Five of the 12 VOCs identified by the model can be classified as (branched) alkanes: heptane, 2-methylbutane, dodecane, tetradecane and tetradecanal. Two primary processes could account for the presence of alkanes in exhaled breath. First, lipid peroxidation as a result of oxidative stress is able to produce hydrocarbons. Heptane is thought to originate from oleic acid, and 2-methylbutane may originate from 2-methyl-1,3-butadiene (also known as isoprene). Second, alkanes are also present in the environment and are inhaled on a daily basis. After ingestion, the compounds are broken down in the liver by cytochrome P450 enzymes (CYP). The activity of these enzymes decreases with aging, but also with disease, implicating reduced CYP activity in severely ill patients50. Both mechanisms could explain the different abundances found between VAP(+) and VAP(−). Ethylbenzene is an benzene derivative and an indoor pollutant51. Benzene and its derivatives are also broken down in the liver by CYP enzymes, which may not function properly in critically ill patients, resulting in different exhaled abundances of ethylbenzene in VAP(+) vs. VAP(−) patients52. The two remaining compounds, tetrahydrofuran and carane, are also environmental pollutants and have no known endogenous source. Both compounds are likely metabolized by CYP enzymes in the liver, but no literature was found that supports this theory.

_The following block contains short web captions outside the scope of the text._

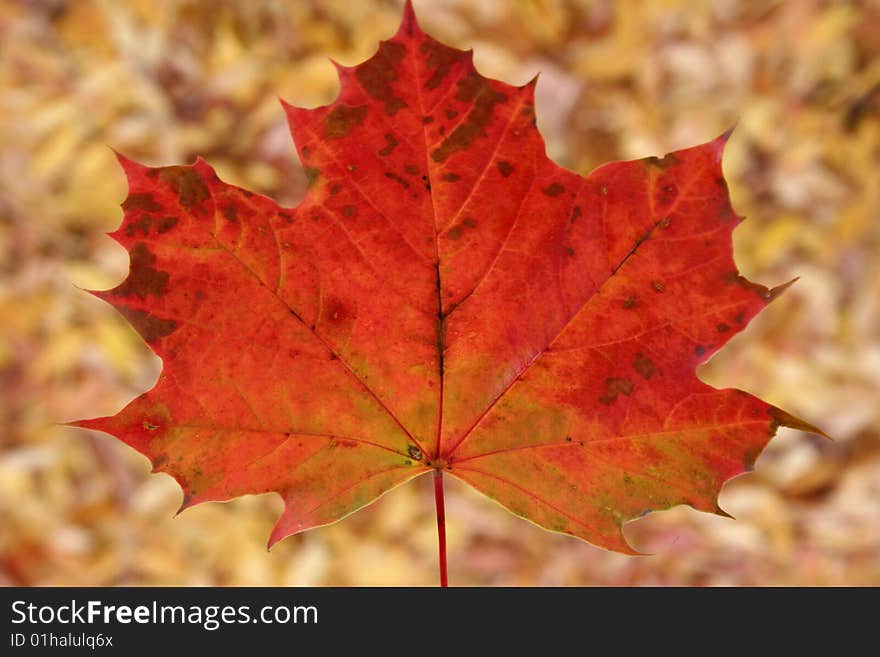 Red colored leaf over background of fallen leaves. Red colored leaf over background of fallen leaves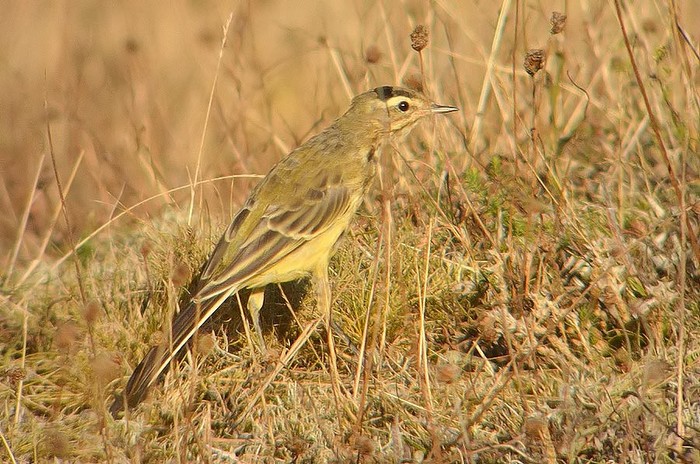 Yellow Wagtail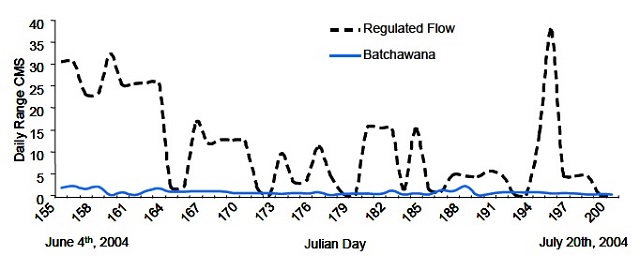 Line graph showinng daily range of flows on the y-axis ranging from 0 metres cubed per second to 40 metres cubed per second and Julian day on the x-axis ranging from approximately 155 to 200. Regulated flow is indicated with a black dotted line and Batchawana is indicated with a blue line.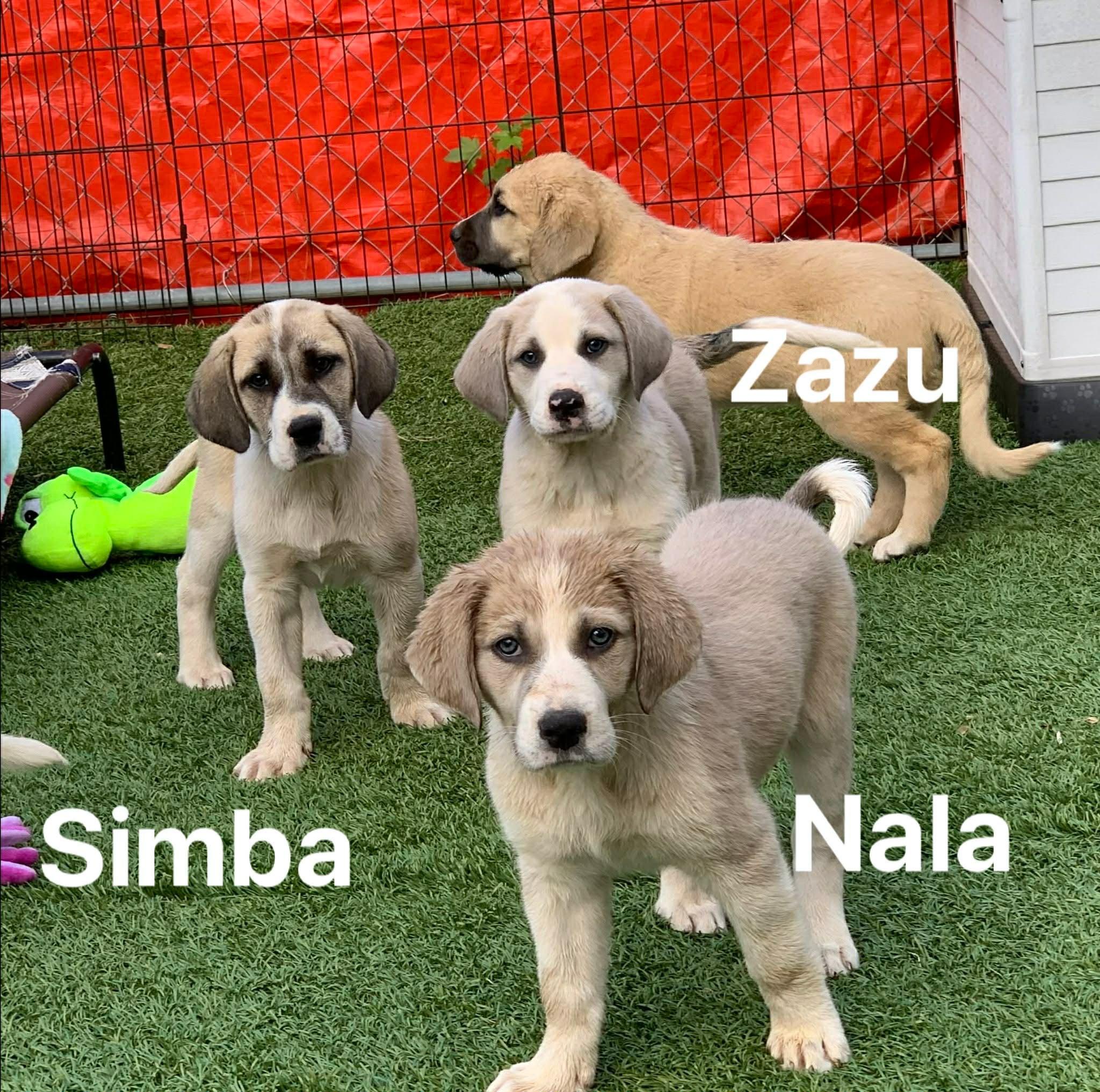 Enlarge Nala, an adopted mixed breed in Douglas, MA image 3/3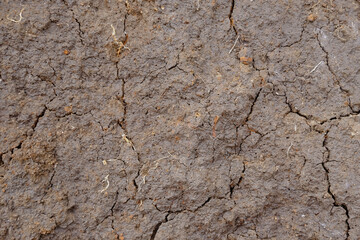 Cracked dry ground background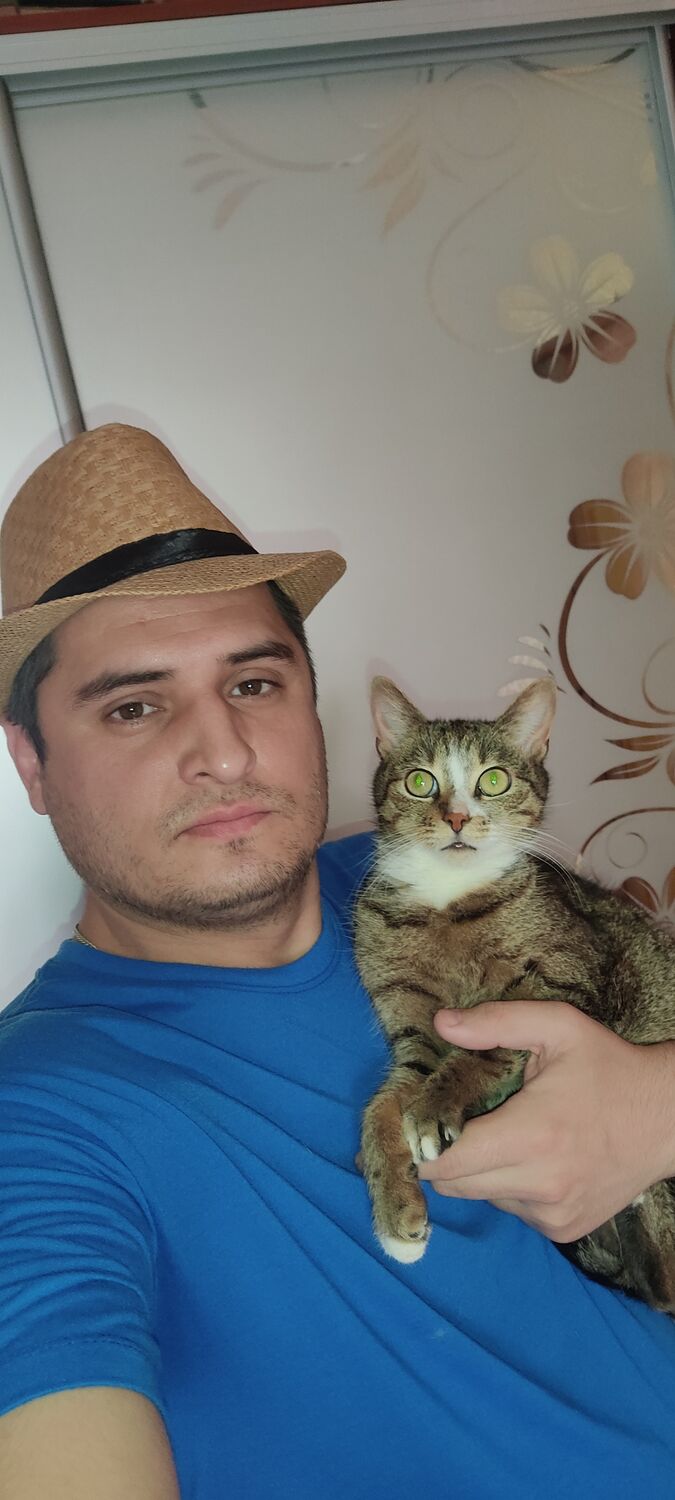  ,   , 38 ,     , c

A limitation of the present study is the relatively small number of subjects. We were unable to test for specific strains of bacteria. As VAP is generally caused by an array of bacteria, we only had a few patients per bacterial strain available at most, hindering the use of multivariate statistics to identify strain-specific VOCs in vivo.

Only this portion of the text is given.